Recorded information =
*** Block opens ***

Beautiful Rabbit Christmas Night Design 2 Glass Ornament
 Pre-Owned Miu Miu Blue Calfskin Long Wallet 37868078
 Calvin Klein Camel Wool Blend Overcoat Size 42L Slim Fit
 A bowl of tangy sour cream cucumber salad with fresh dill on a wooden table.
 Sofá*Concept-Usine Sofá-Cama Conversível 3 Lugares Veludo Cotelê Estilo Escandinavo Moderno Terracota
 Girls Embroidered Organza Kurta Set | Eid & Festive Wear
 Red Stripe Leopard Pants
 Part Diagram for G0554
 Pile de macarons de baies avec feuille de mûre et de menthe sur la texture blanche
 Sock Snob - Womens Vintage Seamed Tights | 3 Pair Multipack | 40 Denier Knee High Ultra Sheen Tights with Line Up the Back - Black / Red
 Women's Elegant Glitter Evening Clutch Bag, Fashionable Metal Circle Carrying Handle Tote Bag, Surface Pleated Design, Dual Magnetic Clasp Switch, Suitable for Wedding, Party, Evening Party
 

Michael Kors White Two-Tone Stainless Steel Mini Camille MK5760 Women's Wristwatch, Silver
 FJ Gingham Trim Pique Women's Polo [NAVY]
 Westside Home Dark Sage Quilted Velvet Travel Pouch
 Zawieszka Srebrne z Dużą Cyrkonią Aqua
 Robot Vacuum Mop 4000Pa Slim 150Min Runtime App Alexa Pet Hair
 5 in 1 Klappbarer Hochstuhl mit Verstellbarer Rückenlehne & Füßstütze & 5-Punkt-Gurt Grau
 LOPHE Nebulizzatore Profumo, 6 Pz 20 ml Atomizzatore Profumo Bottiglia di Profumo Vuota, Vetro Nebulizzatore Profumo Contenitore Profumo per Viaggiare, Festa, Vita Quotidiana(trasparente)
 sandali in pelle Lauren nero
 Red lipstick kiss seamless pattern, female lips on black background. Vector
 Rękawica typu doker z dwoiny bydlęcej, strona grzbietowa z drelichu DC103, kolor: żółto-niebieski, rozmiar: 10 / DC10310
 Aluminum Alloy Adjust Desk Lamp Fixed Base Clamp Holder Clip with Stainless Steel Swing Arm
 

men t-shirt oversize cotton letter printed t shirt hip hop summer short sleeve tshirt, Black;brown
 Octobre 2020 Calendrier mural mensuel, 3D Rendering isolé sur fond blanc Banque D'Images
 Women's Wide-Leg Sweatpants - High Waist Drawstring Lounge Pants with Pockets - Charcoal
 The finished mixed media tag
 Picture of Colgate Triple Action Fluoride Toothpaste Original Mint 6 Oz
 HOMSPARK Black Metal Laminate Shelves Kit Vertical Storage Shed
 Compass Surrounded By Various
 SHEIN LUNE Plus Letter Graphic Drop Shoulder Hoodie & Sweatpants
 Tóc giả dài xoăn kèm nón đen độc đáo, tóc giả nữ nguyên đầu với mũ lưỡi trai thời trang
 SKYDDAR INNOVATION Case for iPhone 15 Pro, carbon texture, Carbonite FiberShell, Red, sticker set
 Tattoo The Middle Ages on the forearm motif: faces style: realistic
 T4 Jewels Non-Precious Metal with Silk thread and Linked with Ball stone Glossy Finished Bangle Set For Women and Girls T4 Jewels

*** Block closes ***

Your assignment =
Return the lines above, from the one containing "Tóc giả dài" to the end, exactly as they stand.

Result below =
 Tóc giả dài xoăn kèm nón đen độc đáo, tóc giả nữ nguyên đầu với mũ lưỡi trai thời trang
 SKYDDAR INNOVATION Case for iPhone 15 Pro, carbon texture, Carbonite FiberShell, Red, sticker set
 Tattoo The Middle Ages on the forearm motif: faces style: realistic
 T4 Jewels Non-Precious Metal with Silk thread and Linked with Ball stone Glossy Finished Bangle Set For Women and Girls T4 Jewels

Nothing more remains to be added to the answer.